▶ **PROBLEM DESCRIPTION**: Would you transcribe the entries below, beginning at the line with "Logo Design by MH@Designer" and ending after the line with "汽車(chē)硅膠管變徑膠管內(nèi)徑45變60", exactly, with no picture and nothing more?

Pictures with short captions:
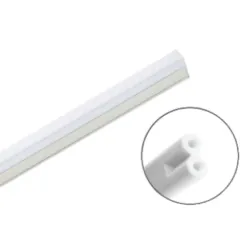Zmr 5w 30cm T5 Anahtarlı Armatür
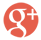 Spokane Google Plus logo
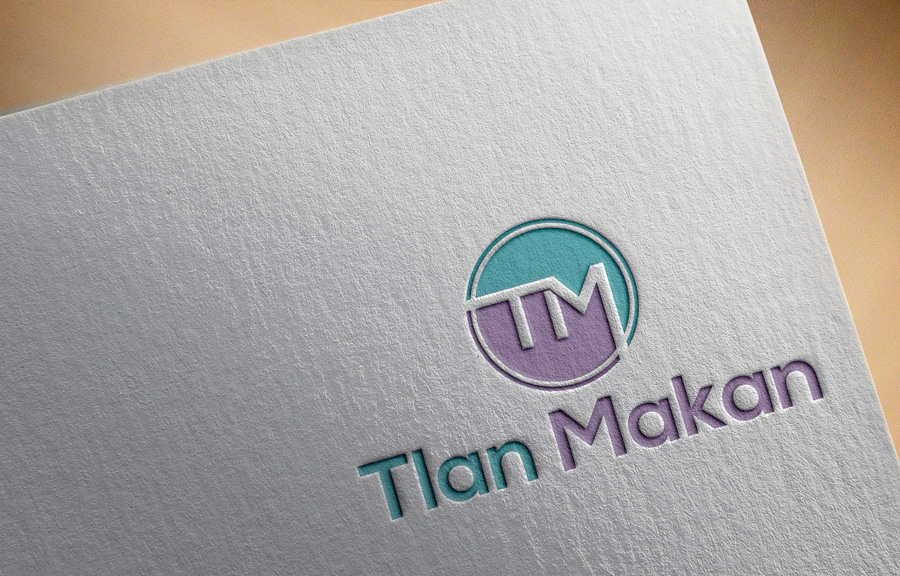 Logo Design by MH@Designer for Private Label Coffee GmbH | Design #27632013
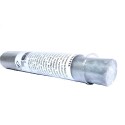 Kit naprawczy do aluminium - masa do ugniatania | Ataszek.pl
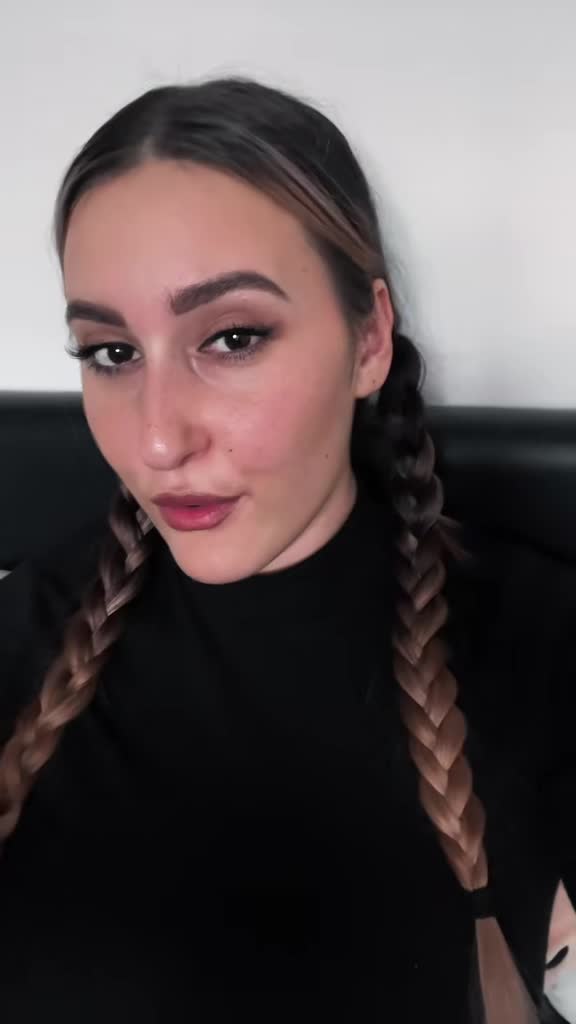 #fy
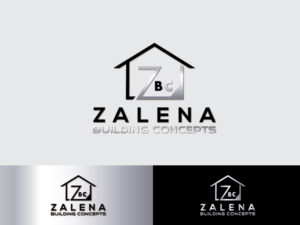 Logo Design by khans for this project | Design: #10973351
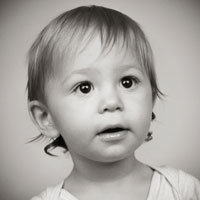 photographe paimpol portrait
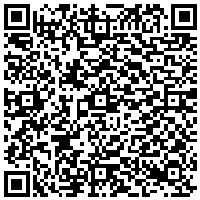 QR Code for bitcoin:bitcoin:bitcoin:bitcoin:bitcoin:bitcoin:bitcoin:bitcoin:bitcoin:bitcoin:bitcoin:bitcoin:bitcoin:bitcoin:bitcoin:dash:XfA31PHedpLzALQSAVFFt5ebEhMCYkVLHN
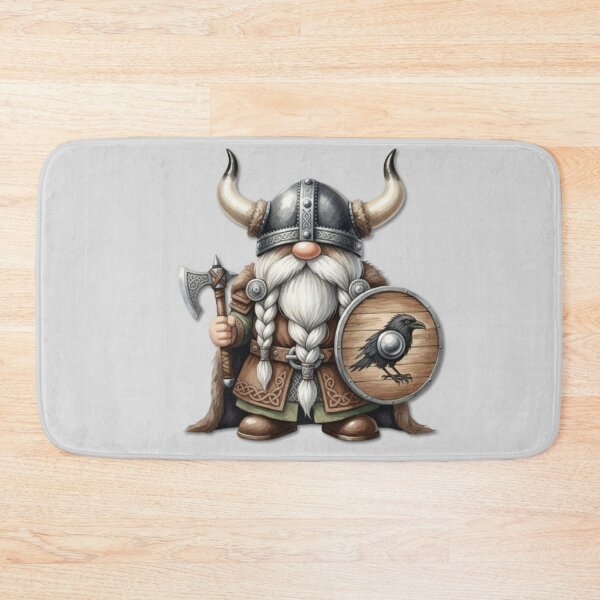 Item preview, Viking Dwarf designed and sold by Aise06.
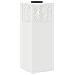 Faro LED solare per sentieri 2 pcs Bianco - Foto miniatura 4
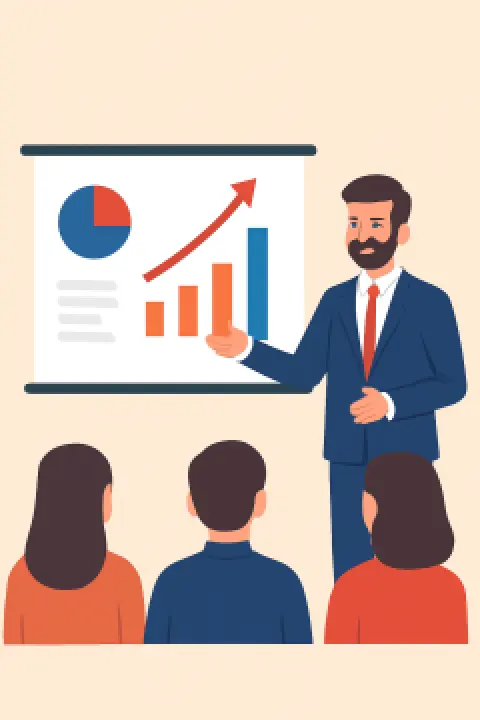 Гроуинг.Фокус с Владимиром Якубой - Minsk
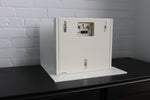 REVEL Performa S30 - $399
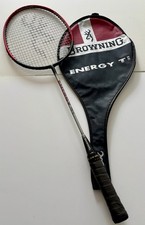 BROWNING Energy Ti One Piece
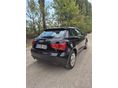 AUDI A1 2010/7 - 4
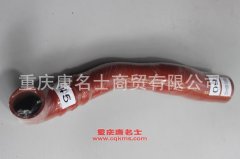 汽車(chē)硅膠管變徑膠管內(nèi)徑45變60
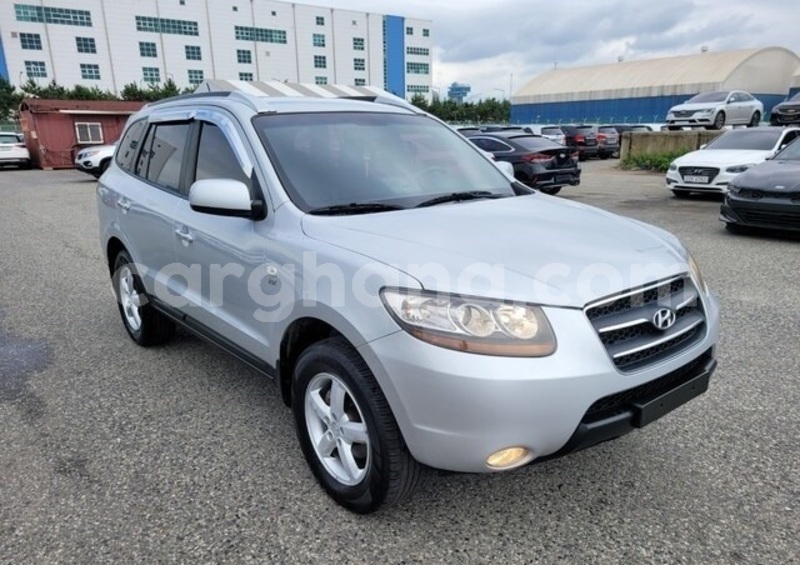 Big with watermark hyundai santa fe greater accra accra 53204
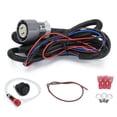 thumbnail image 5 of 4L60E Stand Alone Controller Shift Conversion for 4L60E Transmission Case, 5 of 5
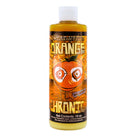 Orange Chronic - Pipe Cleanser
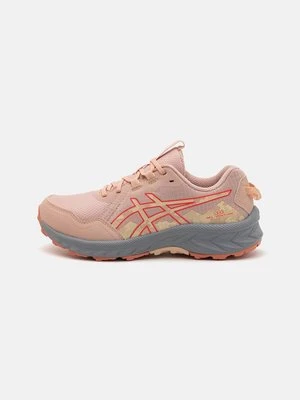 Obuwie do biegania Szlak ASICS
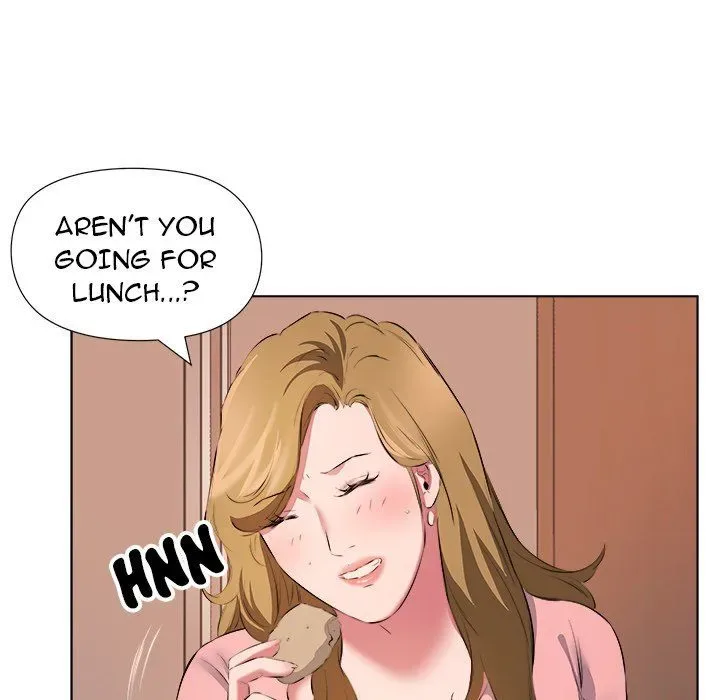 Chapter 37 — Page 70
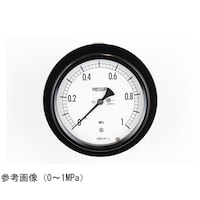 ����@���^���͌v�i�P�O�O���j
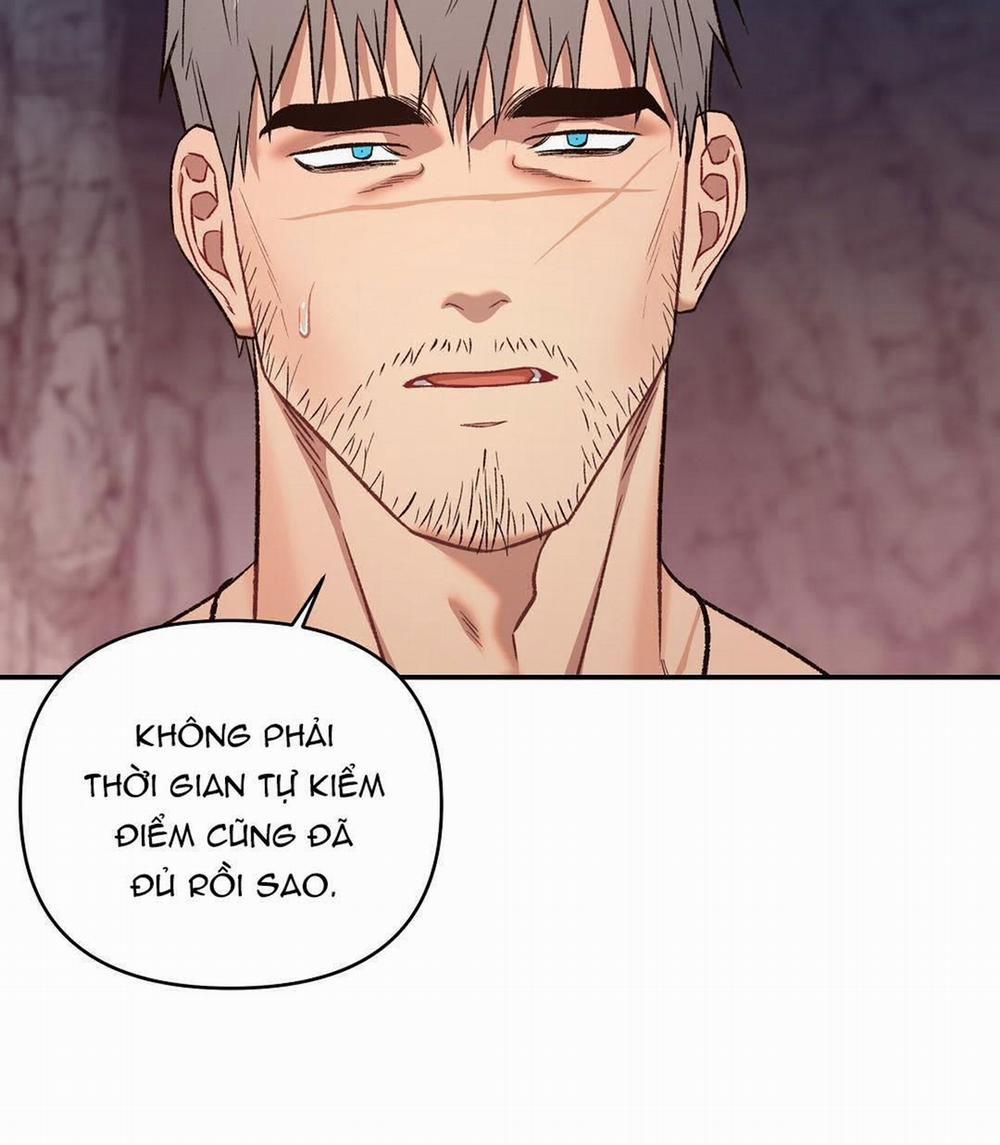 BIỂN ĐỎ 10 trang 24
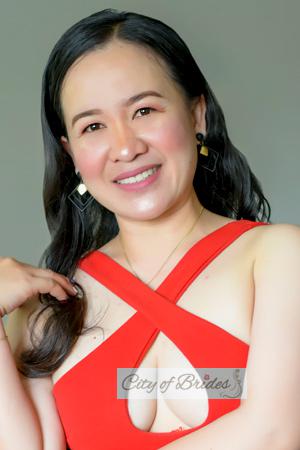 218678 - Jenifer Age: 36 - Philippines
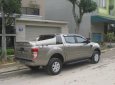 Ford Ranger XLS 2.2L 4x2 AT 2016 - Bán Ford Ranger XLS năm 2016, màu vàng, nhập khẩu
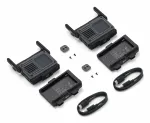 DJI SDR Transmission Combo 2 - pildiedastuss&uuml;steem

▶ **COMPLETED EXERCISE**:
 Logo Design by MH@Designer for Private Label Coffee GmbH | Design #27632013
 Kit naprawczy do aluminium - masa do ugniatania | Ataszek.pl
 #fy
 Logo Design by khans for this project | Design: #10973351
 photographe paimpol portrait
 QR Code for bitcoin:bitcoin:bitcoin:bitcoin:bitcoin:bitcoin:bitcoin:bitcoin:bitcoin:bitcoin:bitcoin:bitcoin:bitcoin:bitcoin:bitcoin:dash:XfA31PHedpLzALQSAVFFt5ebEhMCYkVLHN
 Item preview, Viking Dwarf designed and sold by Aise06.
 Faro LED solare per sentieri 2 pcs Bianco - Foto miniatura 4
 Гроуинг.Фокус с Владимиром Якубой - Minsk
 REVEL Performa S30 - $399
 BROWNING Energy Ti One Piece
 AUDI A1 2010/7 - 4
 汽車(chē)硅膠管變徑膠管內(nèi)徑45變60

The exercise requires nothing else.